- EXERCISE DESCRIPTION -
With pictures left out, return only the lines from the line containing "Монтаж пробковых панелей" through the end of the material below, both included.

- DATASET SECTION -

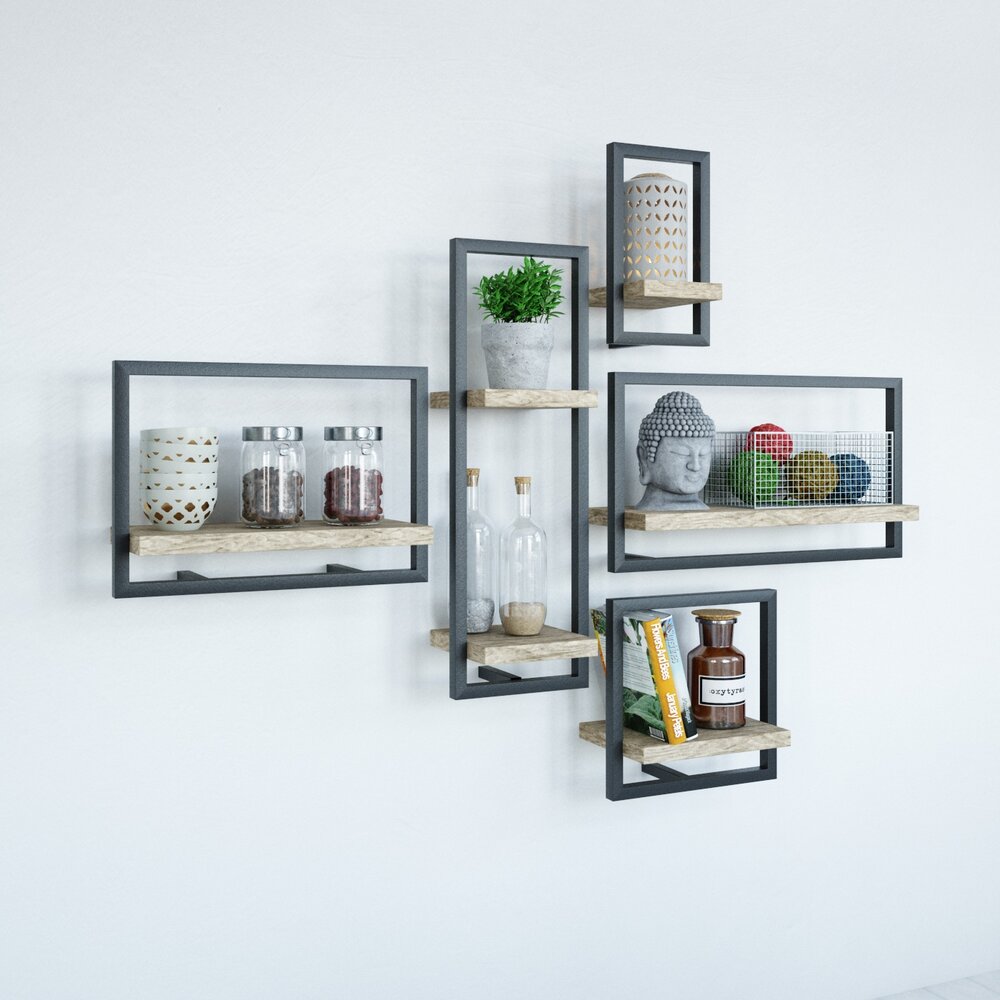 Modern Wall-Mounted Shelves Modelo 3D
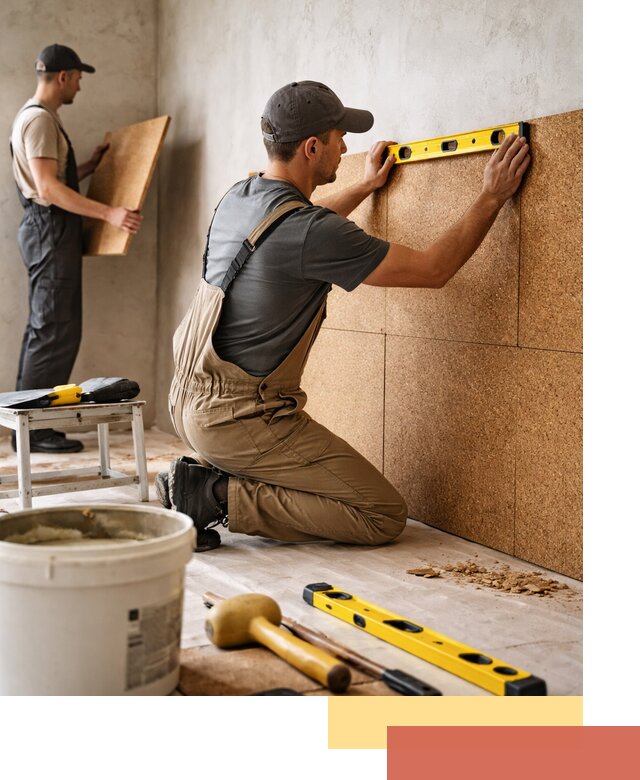 Монтаж пробковых панелей на стены в Абакане быстро и качественно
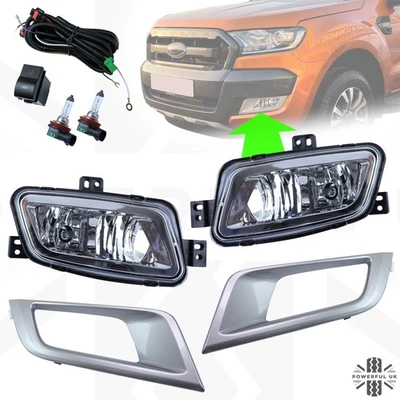 POWERFUL UK LTD Front Fog Light lamp Kit Silver Surrounds for Ford Ranger T7 2016-19 Wildtrak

- COMPLETED EXERCISE -
 Монтаж пробковых панелей на стены в Абакане быстро и качественно
 POWERFUL UK LTD Front Fog Light lamp Kit Silver Surrounds for Ford Ranger T7 2016-19 Wildtrak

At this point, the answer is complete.